|Photo by Steven Christy / OKC Barons
Team Canada's National Junior Team got the good news they were hoping for Saturday as Ryan Nugent-Hopkins
announced that his shoulder is good to go.
As a result, the 19-year-old will be attending the program's World Junior Selection Camp next week in Calgary and -- barring a quick turn in the currently stalled CBA negotiations between the NHL and NHLPA -- will be a centerpiece to one of the greatest U-20 teams in Canadian history (2005, at the moment, still holds its place as the best in my books).
Nugent-Hopkins has spent the past week in Edmonton for what his agent, Rick Valette of Octagon Sports, described as a "simple check-up."
Thirty-seven players were invited to the selection camp last Monday, but RNH wanted to spend his week off getting treatment in the ongoing rehabilitation process before committing one way or the other.

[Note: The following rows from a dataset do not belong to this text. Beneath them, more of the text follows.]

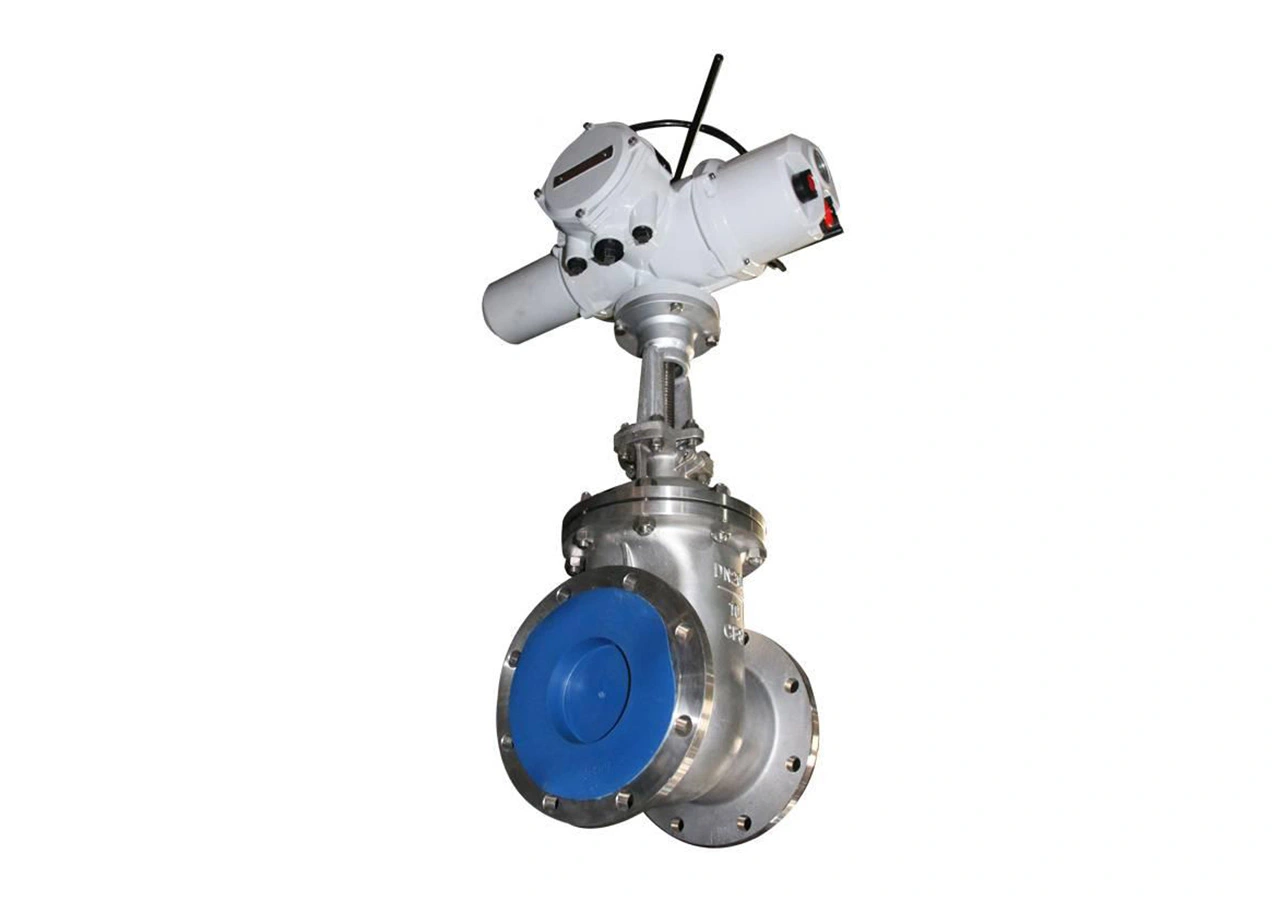 wedge-rubber-gate-valve-company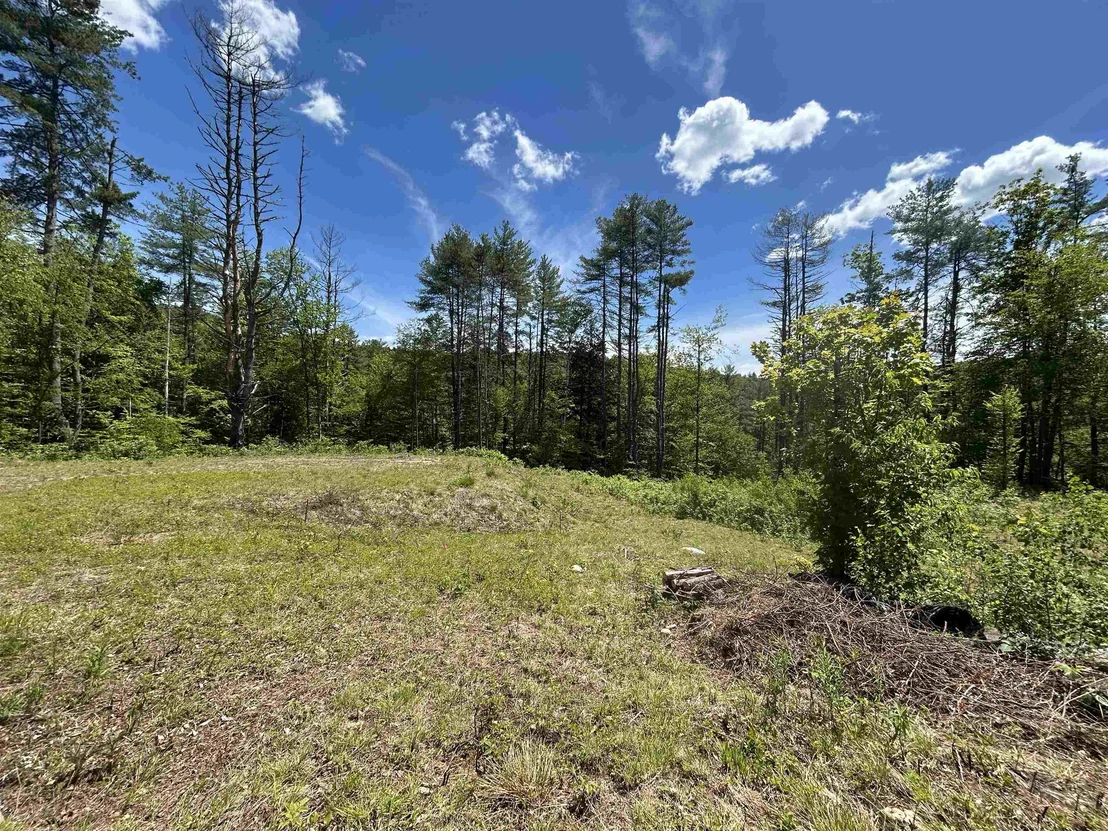 Photo of 14 Sugar Lot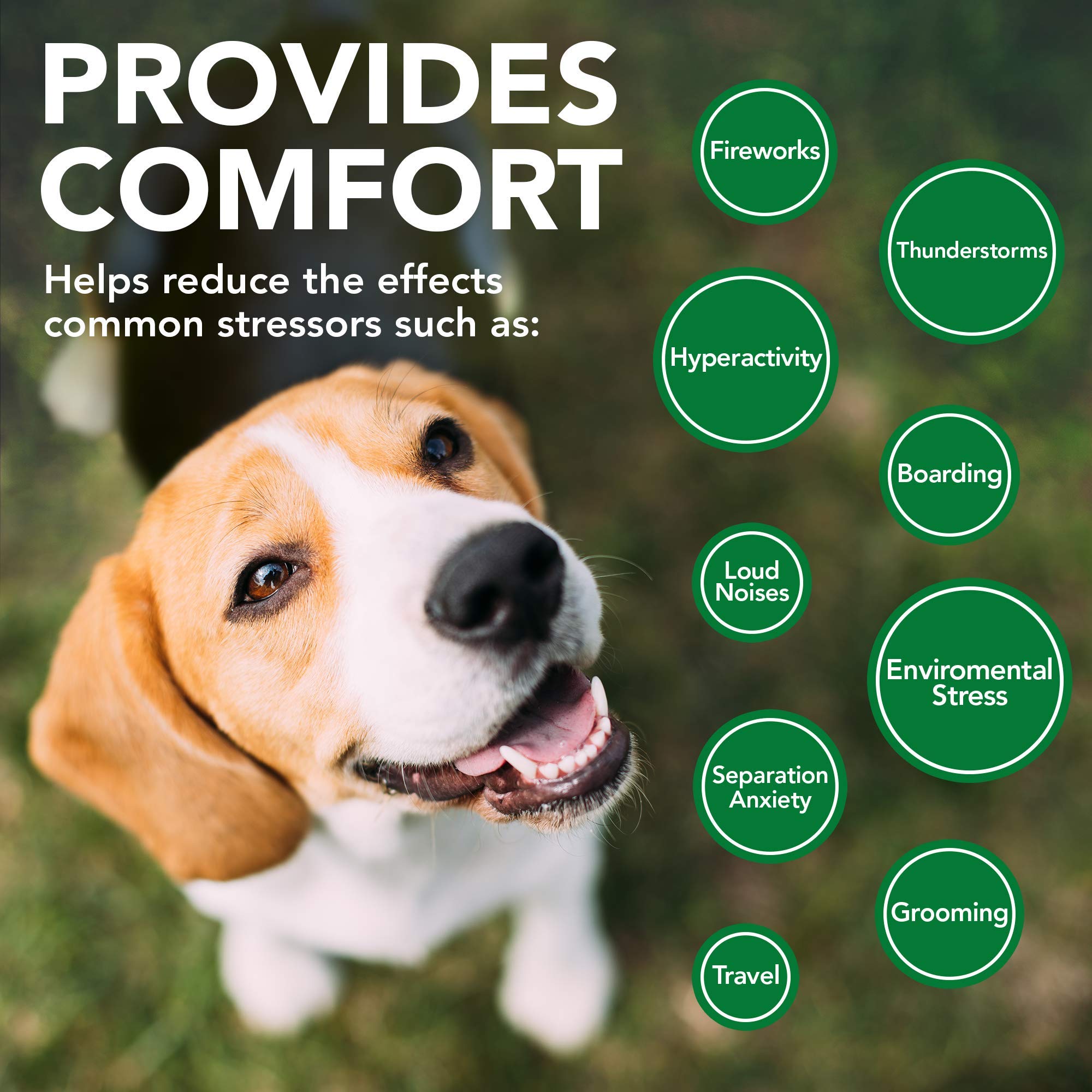 Vet's Best Comfort Calm: chien détendu sur canapé après administration.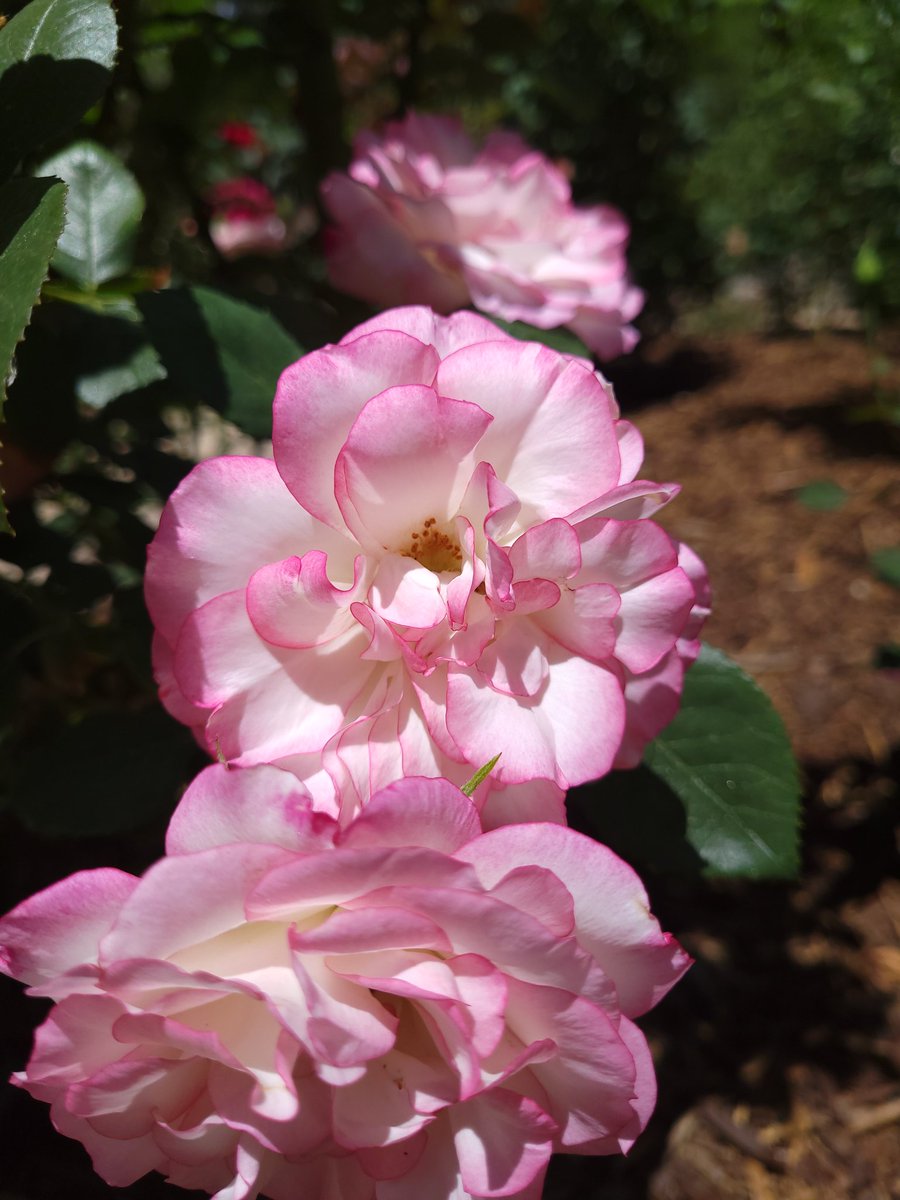 BloomedAtNight's tweet photo. #FullBloom https://t.co/03FtLmWEDQ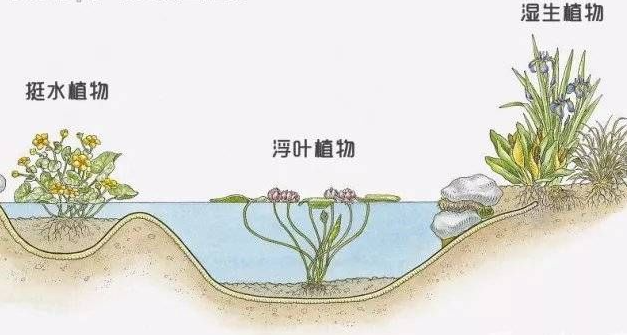 武漢河道水質跨界整治治理技術指導——有限集團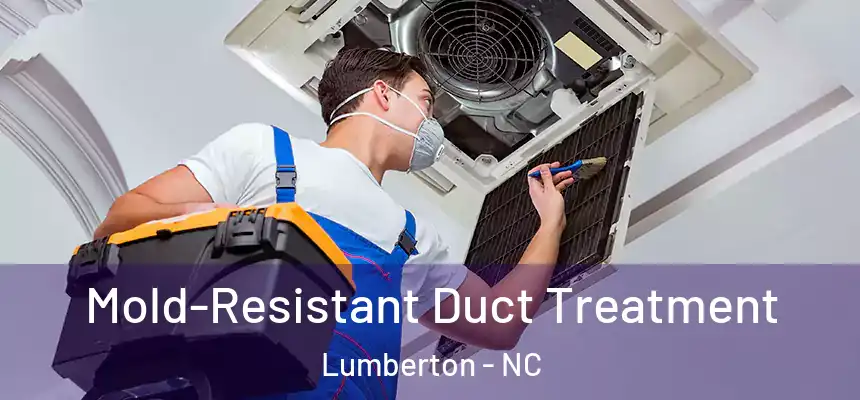  Mold-Resistant Duct Treatment Lumberton - NC
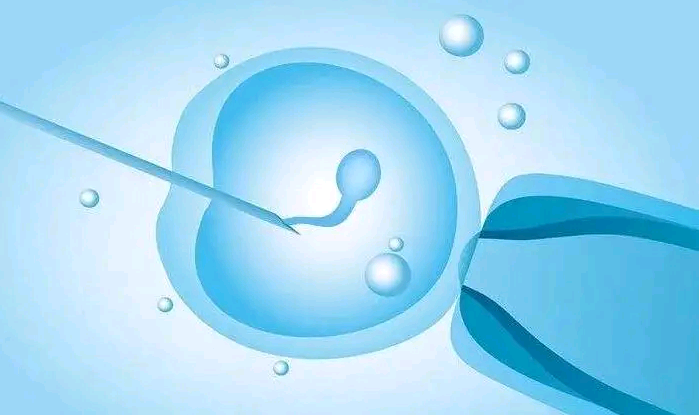 合肥有哪些代孕女妈妈,子宫内膜多厚适合试管移植？(试管婴儿移植冻胚内膜多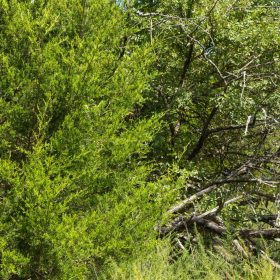 Reserves At Cattail Cove Phase II Tract 64 in Pittsburg County, OK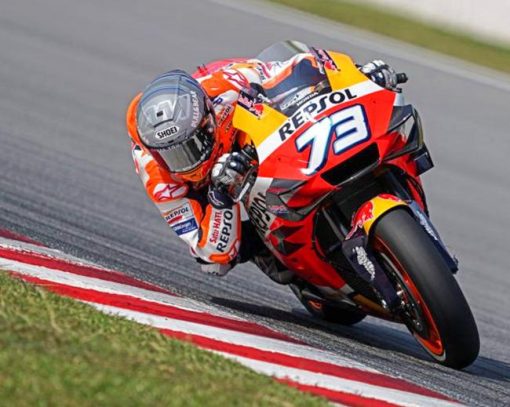 Repsol Honda Motorcycle Driver Paint By Numbers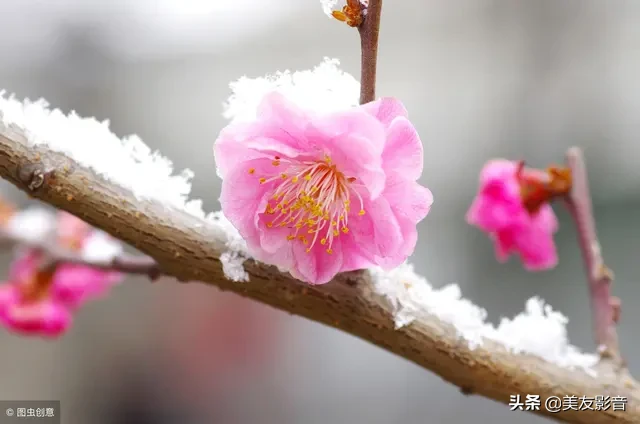 含有梅花的诗句有哪些（描写梅花的古诗句）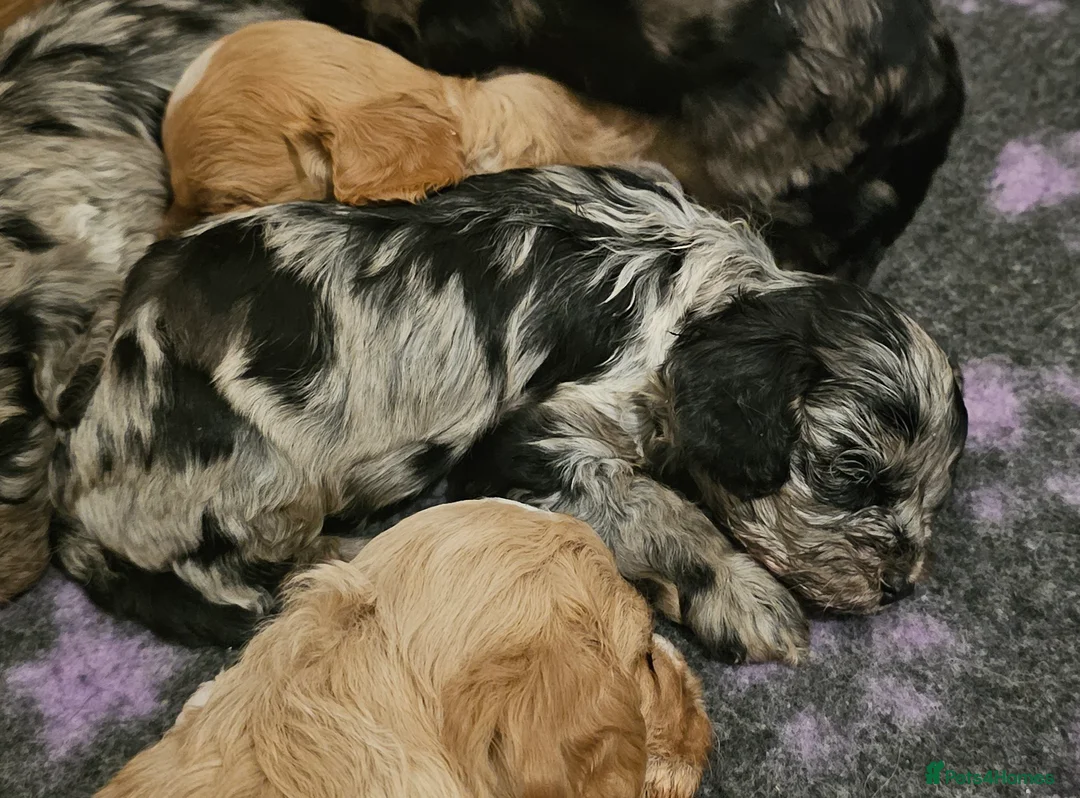 Cavapoo dogs for sale: Extensively health tested F1 Cavapoo puppies 🐶  - Advert 8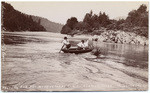 Swimming horses at Orleans, Klamath River Humboldt Co Cal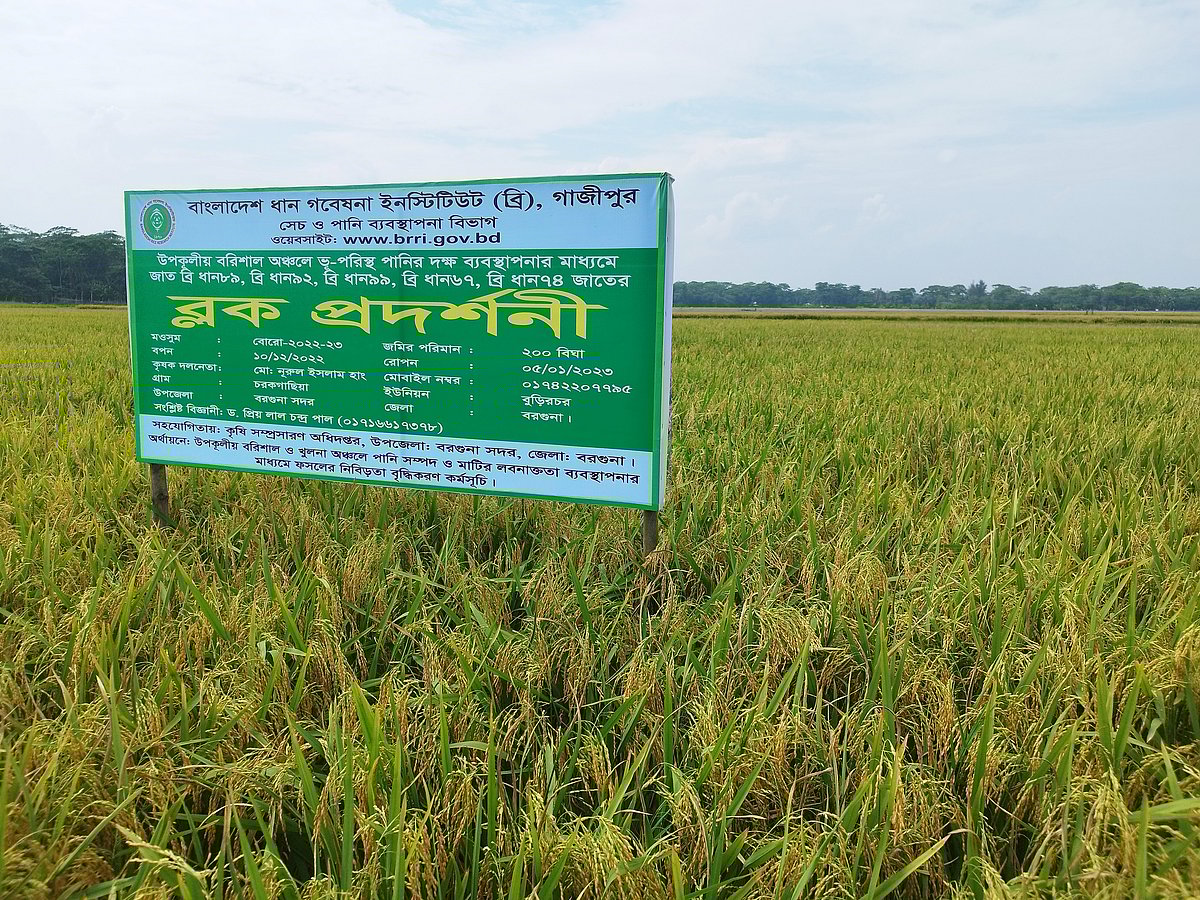 ছবি: কৃষি মন্ত্রণালয়ের সৌজন্যে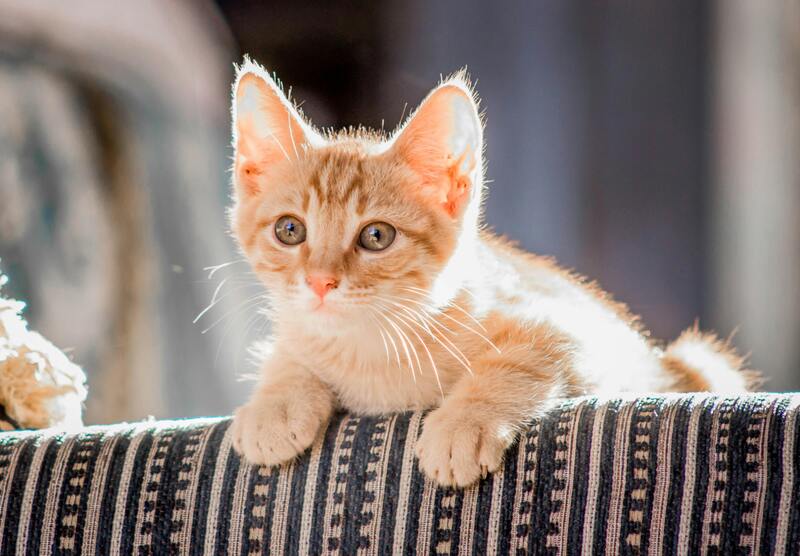 un chaton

"It's something I always watched at Christmas time," Nugent-Hopkins said smiling as I caught up with him Saturday afternoon at Rexall Place. "Growing up, usually you're busying yourself with the anticipation of Christmas itself, but I was always looking forward to sitting down with my family and watching the World Juniors. Plus, I'm Canadian -- I think every Canadian watches it religiously."
Can't argue with that.
Whether you're playing in it or not (and most of us aren't), the World Junior Championship creates lasting memories. Edmonton Oil Kings goaltender Laurent Brossoit spoke highly of Carey Price's heroic work in a shootout against the Americans in 2007. He was sensational.
So was Jonathan Toews, who scored three goals and was described as "unbelievable" by TSN announcers Gord Miller and Pierre McGuire. Toews scored last, while Price made a stop at the other end to send Canada past the Americans and into the gold medal game.
"I remember that," said Nugent-Hopkins. "It's absolutely incredible what he did. I'd never seen Toews up close and on such a big level like that, so it was actually pretty motivating. It's one of those situations where you watch it, take in and are like, ‘Maybe that could be me one day.' You don't start believing it until you see something that like. I'd always loved the World Juniors, always watched it like I said -- but I fell in love with it even more after watching that shootout."
Nugent-Hopkins previously had a chance to crack Canada's World Junior roster in 2010, but he couldn't survive cut-down day at the selection camp. He wasn't ready, some argued. Part of it may have been due to the extremely high level of intensity, which was something he'd yet to experience as one of the younger players at camp.
"It's way more intense," he said. "It's probably like an NHL playoff game based on the way guys were competing at camp. You only play so many games in the tournament and each one means -- well, everything. If you lose a game, you either don't have a very good shot at the title or you're out altogether. The intensity is brought on because there's so much riding on every game.
"I would have loved to have made the team then," Nugent-Hopkins added. "I thought I had a decent camp -- but I could have been a lot better. When I returned to Red Deer, I started to play a lot better and that might have helped my stock rise as the season went on. I guess it all worked out and I'm happy with the player I became.
"Going through that experience helped quite a bit."
Nugent-Hopkins has spent the 2012-13 season with the AHL's Oklahoma City Barons with his Oilers linemates Taylor Hall and Jordan Eberle – both have represented Canada at the World Juniors and have been urging their teammate to go. It's a once-in-a-lifetime opportunity for many and, as a 19-year-old, this will be RNH's last shot.
"I've talked to them both quite a bit about it," Nugent-Hopkins said. "They've both said it was a great experience and an opportunity that seemed to spring their careers to the next level.
"Not to mention Ebs talks about that goal he scored (vs. Russia in 2009 with 5.4 seconds on the clock to tie it up) all the time -- he brags about it all the time," RNH laughed.
Well, let's be honest, it was a big one. In fact, 2009 was the last time Canada won gold. Maybe another Baron is needed to make it happen once more.
While an appearance at the World Junior Championship hadn't been in the cards, Nugent-Hopkins is no stranger to the high-pressure international play in recent seasons. He won gold with Team Canada at the 2010 Ivan Hlinka Tournament and, most recently, picked up six points in seven games at the 2012 World Hockey Championship in Helsinki, Finland.
Then there's the experience of centering the top line of a National Hockey League squad at age 18. No big deal, right?
"I'd never had a chance to put on a Canadian sweater and step up on the world stage at the Ivan Hlinka like that was pretty cool," Nugent-Hopkins said. "It was a great experience. We had a great team over there and, obviously, every time you play for Canada you want to play for gold. We were lucky enough to get that opportunity.
"Now I'm lucky enough to get another chance on an even bigger stage."